Pardonnez-moi de déplacer un peu certains détails de cette question du domaine du droit à celui de la philosophie, mais je me demande si une "orientation sexuelle" est un comportement choisi? Et si l'on répond par la négative, si tant est qu'on puisse donner une réponse nette à cette interrogation, il me semble que cela dégonflerait déjà certains des arguments de ce M. Vaneste, non?
Cela dit, entièrement d'accord avec Corto lorsqu'il dit qu'un député s'exprimant à l'Assemblée devrait pouvoir dire ce qu'il veut et bénéficier d'une immunité absolue.
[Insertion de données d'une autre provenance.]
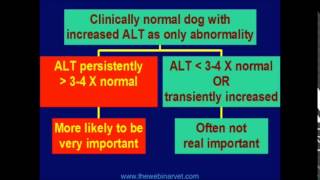 Canine Liver Disease Part 2 [upl. by Corinna]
Mais, comme souvent dans ces conflits où l'idéologie et le pénal s'embrassent furieusement, les uns comme les autres semblent prendre un malin plaisir à outrer propos, attitudes, partis pris et réactions. Ce qui fait qu'on a envie de renvoyer tout le monde dos à dos.
Utilisateur anonyme
23 mai 2008, 10:20   Re : Oui, non, peut-être
Mais, Corto, il faut bien que quelqu'un se dévoue ici pour être un peu bête, non ?
Citation
On sait bien que, dans une cour constitutionnelle, les décisions se prennent le plus souvent à la majorité et que rares sont les décisions unanimes

Il est évident que les questions constitutionnelles sont très délicates mais les dérives actuelles sont dûes au fait que les juges comme les parlements d'ailleurs se laissent contaminer par le Zeitgeist au lieu de garder une saine et raisonnable distance vis à vis des changements accélérés des us et coutumes.